TemporalForest: A Quick Start Guide
In TemporalForest: Network-Guided Temporal Forests for Feature Selection in High-Dimensional Longitudinal Data

old_ops <- options()
suppressPackageStartupMessages(library(TemporalForest))
knitr::opts_chunk$set(
  collapse   = TRUE,  
  comment    = "#>",   
  fig.width  = 7,
  fig.height = 5,
  message    = FALSE, 
  warning    = FALSE  
)
options(stringsAsFactors = FALSE)
suppressPackageStartupMessages({
  ok_wgcna <- requireNamespace("WGCNA", quietly = TRUE)
})
if (ok_wgcna && "disableWGCNAThreads" %in% getNamespaceExports("WGCNA")) {
  suppressMessages(WGCNA::disableWGCNAThreads())
}

Abstract

The TemporalForest package provides a reproducible method for feature selection in high-dimensional longitudinal data. It combines network analysis, mixed-effects models, and stability selection to identify robust predictors over time. This vignette offers a quick start guide to using the package.

1. Introduction

Longitudinal 'omics studies, where subjects are measured repeatedly over time, present unique challenges for feature selection: high dimensionality, temporal dependence, and complex correlations. The TemporalForest algorithm addresses these by creating a robust, multi-stage pipeline that identifies features which are both predictive and stable across resamples.

2. Installation

Since the package is not yet on CRAN, you can install the development version from GitHub:

# install.packages("remotes")
remotes::install_github("SisiShao/TemporalForest")

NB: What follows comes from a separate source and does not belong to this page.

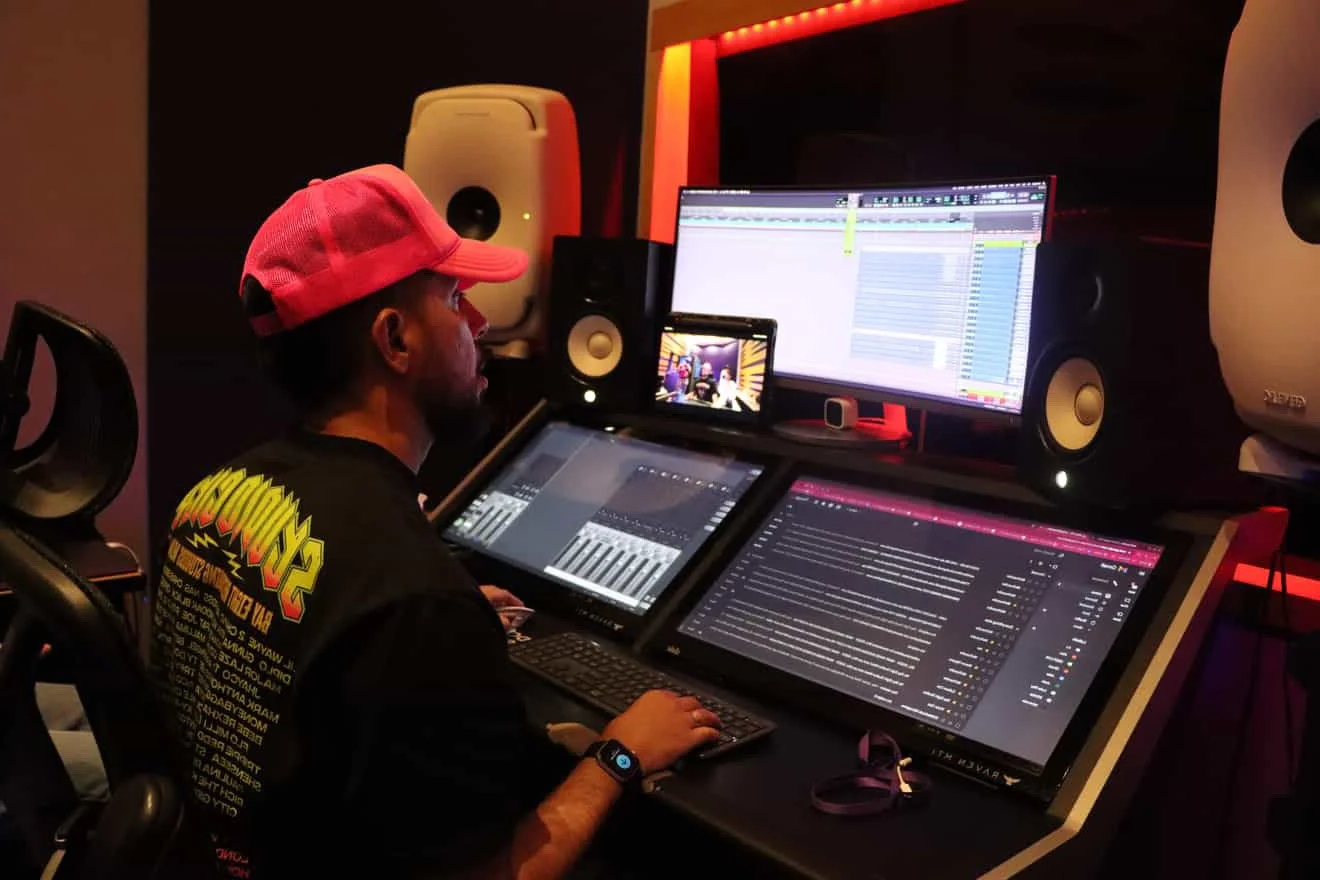 Persona en un estudio de grabación ajustando equipos de audio y producción musical.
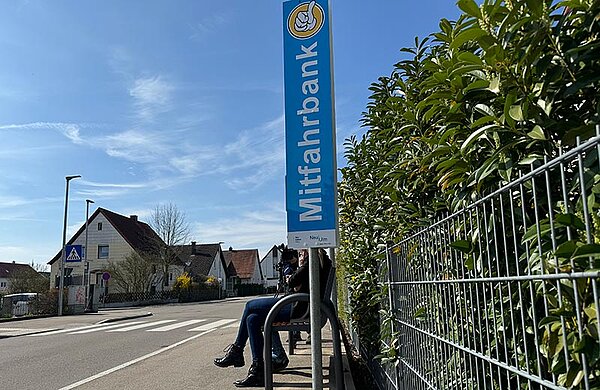 Sitzbank an einer Straße, daneben ein Hinweisschild mit der Beschriftung "Mitfahrbank"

3. Quick Start: Primary Example

This example walks you through a complete analysis with a small, simulated dataset.

Simulate a Longitudinal Dataset

This tiny demo is designed to always return all true signals quickly (1–3s). We will simulate a dataset with 60 subjects, 2 time points, and 20 potential predictors. We will inject 3 true signals into the outcome (Y), coming from predictors V1, V2, and V3. To ensure the example is fast and reliable for CRAN, we will pass a precomputed dissimilarity matrix to skip Stage 1 (WGCNA/TOM).

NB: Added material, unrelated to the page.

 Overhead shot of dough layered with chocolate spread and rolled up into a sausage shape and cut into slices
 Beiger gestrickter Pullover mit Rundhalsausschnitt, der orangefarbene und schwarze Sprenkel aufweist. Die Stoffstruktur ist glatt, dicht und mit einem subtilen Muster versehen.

set.seed(11) # For reproducibility
n_subjects <- 60; n_timepoints <- 2; p <- 20

# Build X (two time points) with matching colnames
X <- replicate(n_timepoints, matrix(rnorm(n_subjects * p), n_subjects, p), simplify = FALSE)
colnames(X[[1]]) <- colnames(X[[2]]) <- paste0("V", 1:p)

# Long view and IDs
X_long <- do.call(rbind, X)
id     <- rep(seq_len(n_subjects), each = n_timepoints)
time   <- rep(seq_len(n_timepoints), times = n_subjects)

# Strong signal on V1, V2, V3 + modest subject random effect + small noise
u_subj <- rnorm(n_subjects, 0, 0.7)
eps    <- rnorm(length(id), 0, 0.08)
Y <- 4*X_long[, "V1"] + 3.5*X_long[, "V2"] + 3.2*X_long[, "V3"] +
     rep(u_subj, each = n_timepoints) + eps

# Lightweight dissimilarity to skip Stage 1 (fast on CRAN)
A <- 1 - abs(stats::cor(X_long)); diag(A) <- 0
dimnames(A) <- list(colnames(X[[1]]), colnames(X[[1]]))

Run TemporalForest

We call the main function, passing our precomputed dissimilarity_matrix = A and asking for 3 features.

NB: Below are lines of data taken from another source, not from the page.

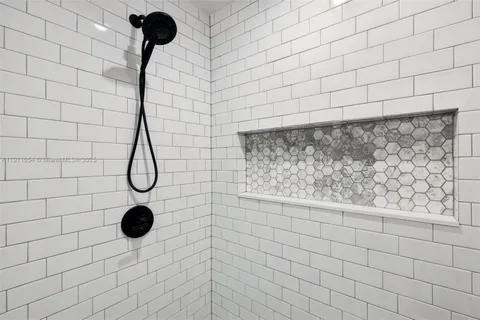 a bedroom with furniture and a wooden floor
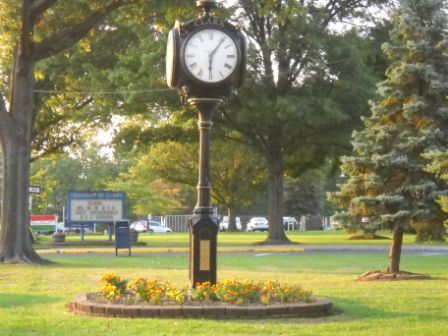 Town Clock in Clark surrounded by a well-kept lawn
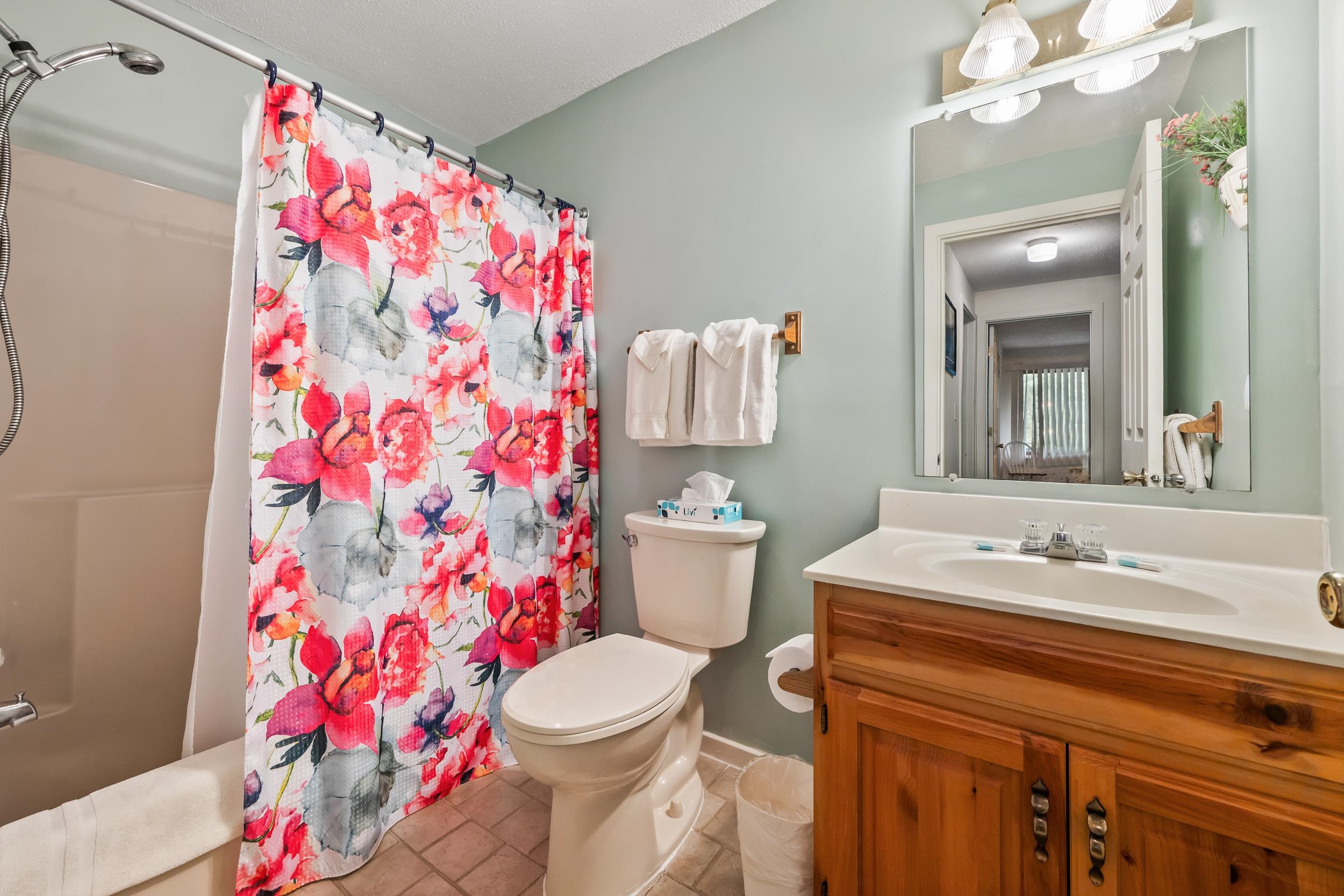 Bathroom with a vivid floral shower curtain, white toilet, and wooden vanity.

# Run TemporalForest with minimal settings for vignette
tf_result <- temporal_forest(
  X = X, Y = Y, id = id, time = time,
  dissimilarity_matrix = A,       # skip WGCNA/TOM (Stage 1)
  n_features_to_select = 3,       
  n_boot_screen = 4, # Very low for quick demo
  n_boot_select =8, # Very low for quick demo
  keep_fraction_screen = 1,       # Permissive screening
  min_module_size = 2,
  alpha_screen = 0.5,             # Permissive screening
  alpha_select = 0.6
)

Interpret the Results

Examine the selected features and check if the true predictors were found.

print(tf_result)

# Validate against ground truth
true_predictors <- c("V1", "V2", "V3")
cat("True predictors found:", sum(true_predictors %in% tf_result$top_features), 
    "out of", length(true_predictors), "\n")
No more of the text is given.